Detroit Experts: State Needs to Step Up

DETROIT -- Michigan needs to play a bigger role in Detroit’s recovery, and it should start by helping the city access the capital markets, a panel of municipal finance experts said Friday at the Michigan Municipal League’s annual meeting here.

“If our credit ratings won’t allow us to borrow the money, we should ask the governor to allow us to borrow the money through the Michigan Finance Authority,” said Gary Brown, a former City Council member who is now the city’s chief operating officer.

In a wide-ranging, two-hour talk, the six panelists discussed the factors that drove the city to file for Chapter 9 and its prospects for a long-term recovery.

The city’s junk-bond ratings coupled with emergency manager Kevyn Orr’s treatment of the city’s unlimited-tax general obligation bonds as unsecured have effectively cut the city off from the markets.

Bond buyers have zero interest in buying Detroit bonds, and that could have a big impact on the city’s credit moving forward, said Jane Hudson Ridley, a Standard & Poor’s analyst who covers Detroit.

“No investors are going to buy any Detroit debt anytime soon, there’s no interest in that paper,” Ridley said. “There is so much that is funded through bonds, and if you don’t have access that cuts off funding in a big way.”

Orr’s move to treat the city’s unlimited-tax GO bonds as unsecured has investors “up in arms,” Ridley said. “A lot of investors wanted us to downgrade the state of Michigan because [the state] didn’t support Detroit,” she said. “We said, ‘They have no obligation to do that.’”

Brown noted that Orr’s restructuring plan relies on $1.25 billion in new money to rebuild the city over the next 10 years.
“The bonding is going to be huge,” the COO said. “It’s going to be critical to access the capital bond market to get some of the changes done so the public can feel some of the changes that are being made.”

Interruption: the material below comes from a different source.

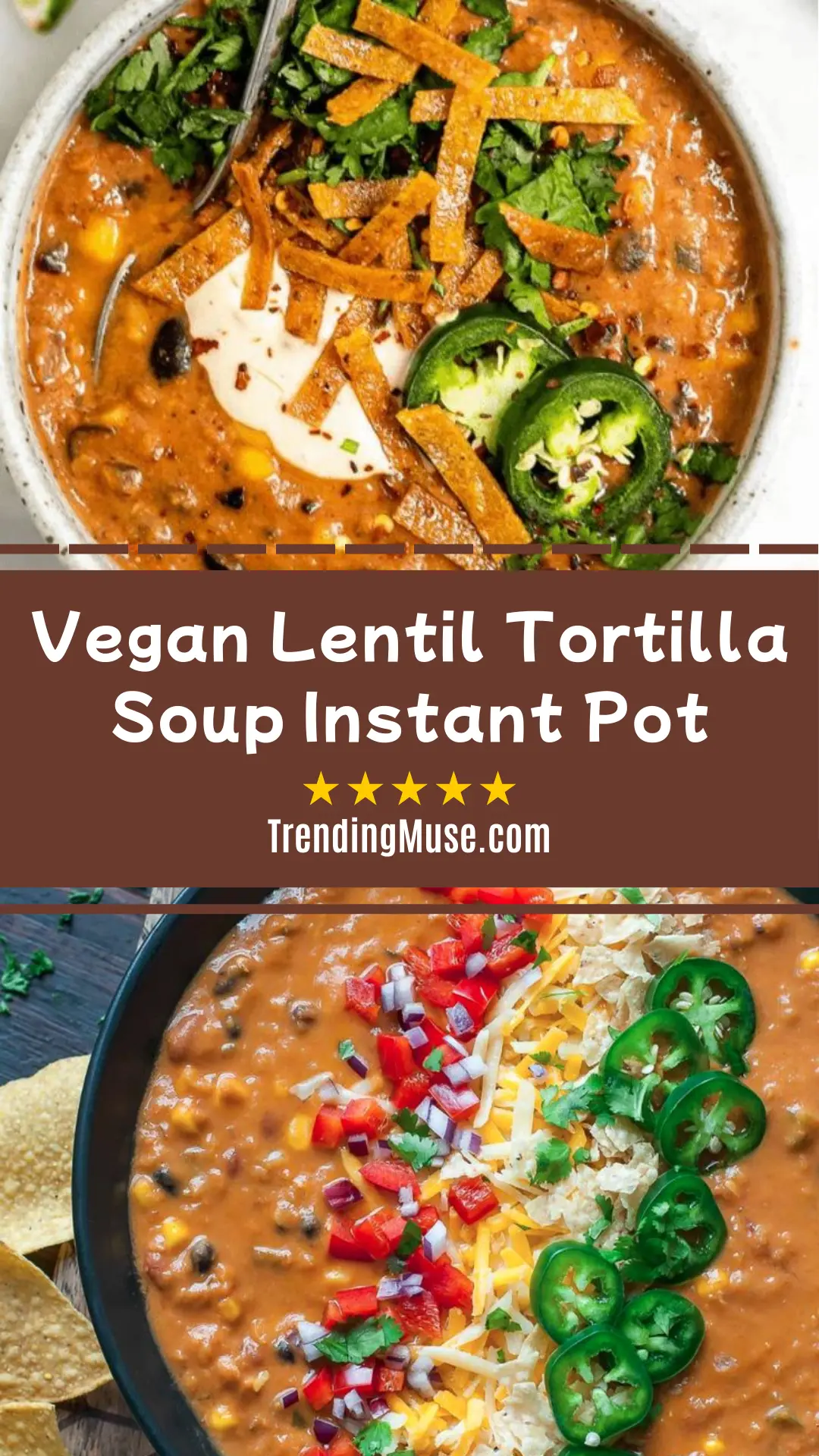 Vegan Lentil Tortilla Soup Instant Pot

Eric Scorsone an economist at Michigan State University with a focus on public finance, said the state should look to the help New York State gave New York City during that city’s crisis in the late 1970s.

“Michigan is going to have to play a role like the state did in New York because future creditors will leave a lot of hesitation about providing access,” said Scorsone, who also acts as advisor to Orr on revenue forecasting.

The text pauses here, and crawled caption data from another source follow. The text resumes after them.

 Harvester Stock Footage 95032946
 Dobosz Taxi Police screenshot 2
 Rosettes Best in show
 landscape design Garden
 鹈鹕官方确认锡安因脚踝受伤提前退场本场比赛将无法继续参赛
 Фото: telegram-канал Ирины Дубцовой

“That has to happen as part of the restructuring,” he said. “The state has a critical role that’s equal to the bankruptcy court. The state government is ultimately the sovereign entity, so it has to play a critical role.”

States with strong, early intervention programs provide crucial support to struggling cities, said Frank Shafroth, director of the Center for State and Local Government Leadership at George Mason University.

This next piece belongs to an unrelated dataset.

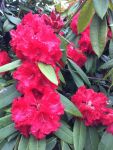 Ken took a picture of some of the colorfull flowers by the Seawall.
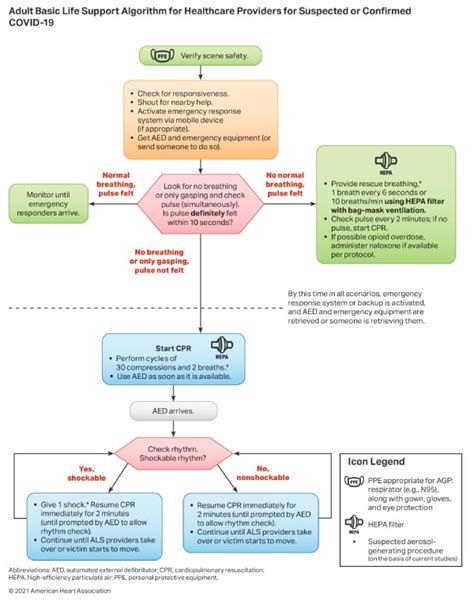 adult basic life support algorithm aha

Shafroth quoted from the bankruptcy judge overseeing the Jefferson County, Ala. case, who noted that the state played a big role in the county’s financial decline.

“State roles can be incredibly positive or, in the case of Jefferson County, it can be the precipitating factor that causes bankruptcy,” Shafroth said, describing Michigan’s local oversight program as “post-distress.” 

In addition to a strong state role, accurate revenue forecasts and realistic retirement benefits are key ingredients to Detroit’s long-term solvency, panelists said.

Under former Detroit Mayor Kwame Kilpatrick, the city not once but twice included $100 million in its budget assuming an expected sale of the Detroit-Windsor Tunnel that never ended up happening, Brown said.

That’s an example of years of bad revenue projections, coupled with unrealistic benefits and chronic state aid cuts that combined to drive the struggling city into bankruptcy, he said.

When he joined the City Council, Brown said he telephoned former city budget directors and asked them why the city’s fiscal position was so abysmal. All said the same thing: Overestimating revenues.

More recently, said Brown, he asked Charles Moore, of Conway MacKenzie, Detroit’s restructuring firm, to name the key problem driving the city into bankruptcy.

“He said it was benefits,” Brown said. “We just kept giving employees benefits what we knew, through revenue forecasts, that we could not live up to. We did it over and over.”

That’s not just a Detroit problem, he said.
“I can tell you with certainty that the list of cities on the governor’s watchlist is probably growing by the week,” he told the audience of local government officials from across Michigan. “You have to be realistic about the revenue that’s coming in and not overpromise on benefits that you cannot sustain in the future. That’s the thing that pushed us over the top.”

Accurate revenue forecasts helped lift New York City out of its near-bankruptcy in the late 1970s and in fact have helped the city manage the recent recession, said Scorsone.

“In post-1975 New York, there was a really good revenue-forecasting process [put into place],” said Scorsone. “All the mayors up to Bloomberg have benefited from what happened in that time.”

Scorsone said the city and the state are working to build systems that ensure accurate revenue forecasts into the future.

“We’re going to put into place a good process to avoid the Windsor tunnels of the future,” Scorsone said.